Hardware is free to partition its instruction set into an arbitrary number of classes. It must provide a mechanism identify the class of the currently running task and inform the kernel about the performance of each class of task on each type of CPU.
This patchset introduces the concept of classes of tasks, proposes the interfaces that hardware needs to implement and proposes changes to the load balancer to leverage this extra information in combination with asymmetric packing.
This patchset includes a full implementation for Intel hybrid processors using Intel Thread Director technology.
Since the original patches were posted, a number of code improvements were made stemming from code review and testing. The CONFIG_SCHED_TASK_CLASSES option has been renamed to CONFIG_IPC_CLASSES as one item worth mentioning. This patch series also drops the CONFIG_INTEL_THREAD_DIRECTOR knob. But the rest of the changes are mostly low-level alterations for getting this code into shape.

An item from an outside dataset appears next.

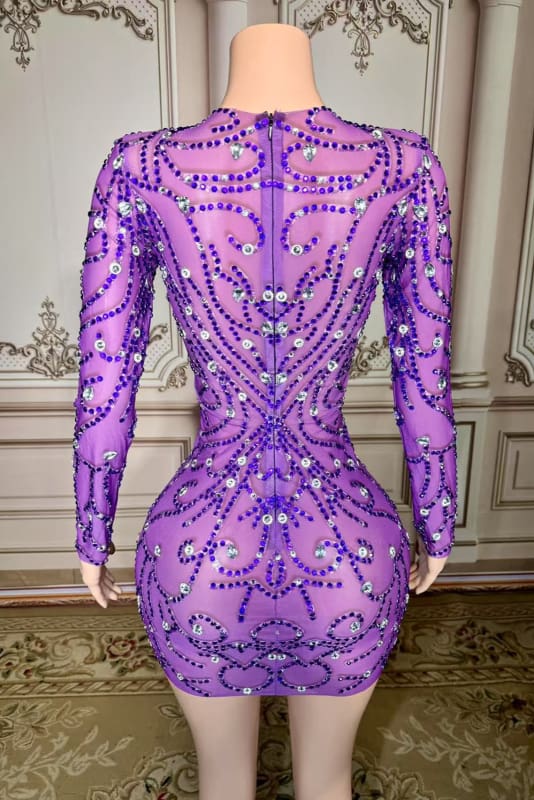 V-Neck Short Lilac Homecoming Dress Prom Dress with Long Sleeves-Babyonlinewholesale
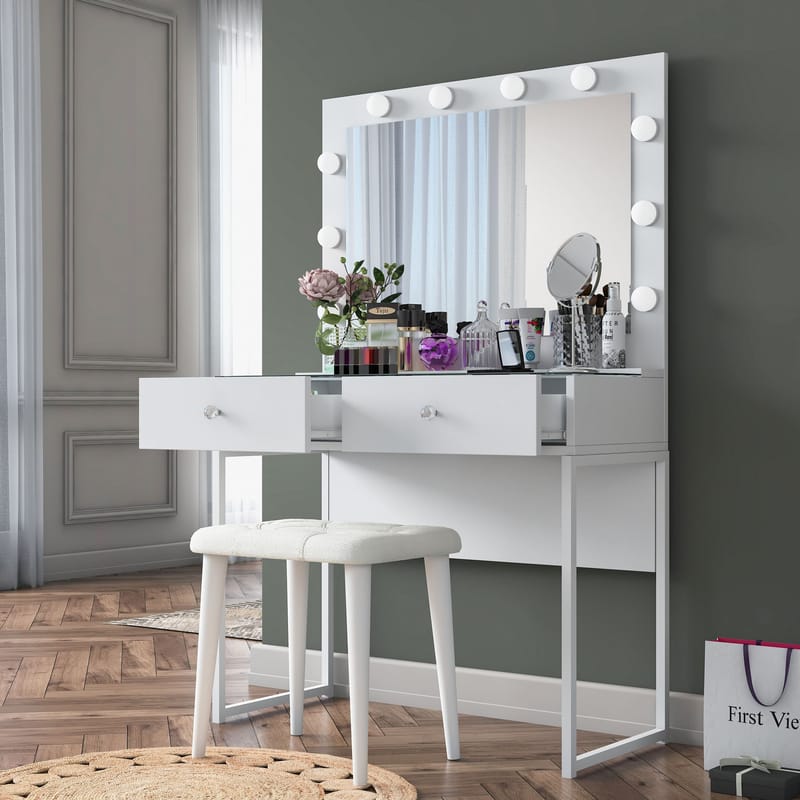 Tavren Sminkbord 90x141,8x40 cm - Vit - Möbler - Bord & matgrupper - Sminkbord & toalettbord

Those interested in this IPC classes for load balancing with hybrid processors can see the v2 patches now available for testing. As it's 600+ lines of new code and still undergoing review, it's probably not likely it will be squared away in time for the v6.2 kernel merge window opening in two weeks. But hopefully this code and complete Thread Director implementation will be ready to go for a Linux kernel release in the first half of 2023.